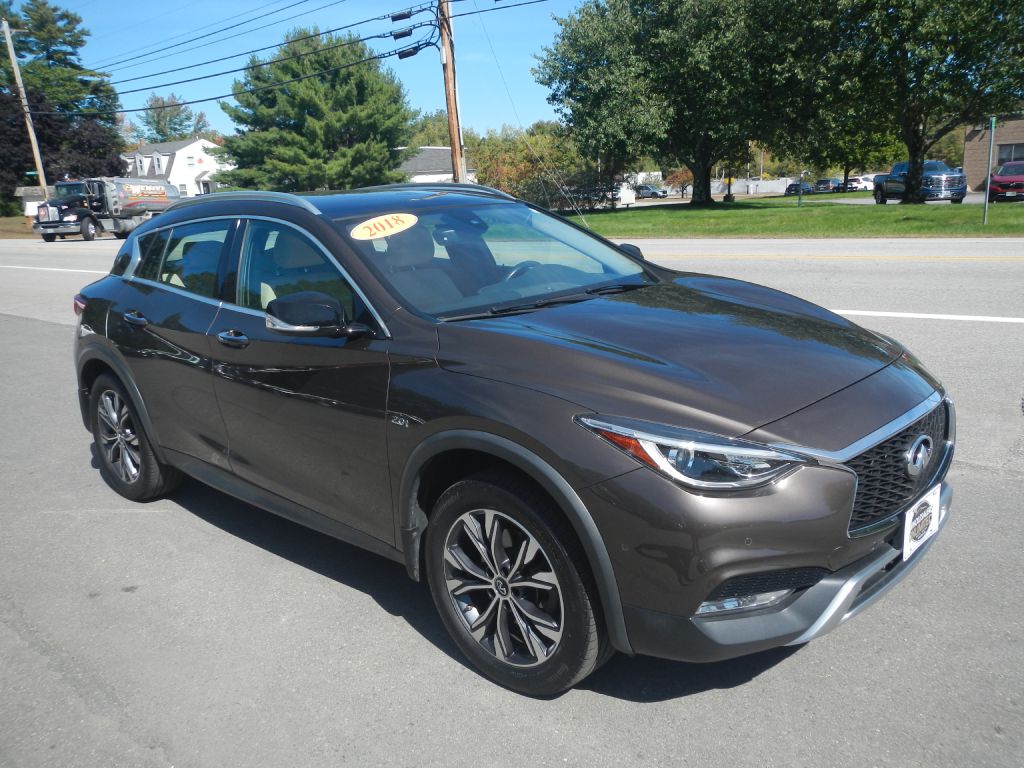 2018 INFINITI QX30 AWD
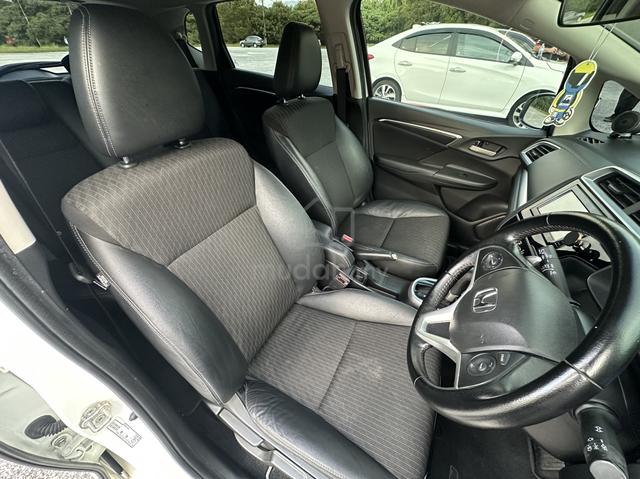 Honda Jazz V spec 2018 ( Direct owner ) - 5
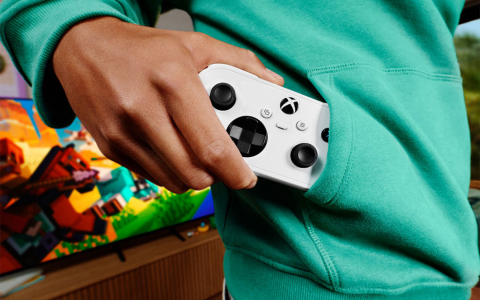 微软推出尺寸更小的XBOX Nano 控制器，体积缩小体验依旧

•••

Task item:
Restate all of the material above word for word, excluding the pictures.

Task solution:
 2018 INFINITI QX30 AWD
 Honda Jazz V spec 2018 ( Direct owner ) - 5
 微软推出尺寸更小的XBOX Nano 控制器，体积缩小体验依旧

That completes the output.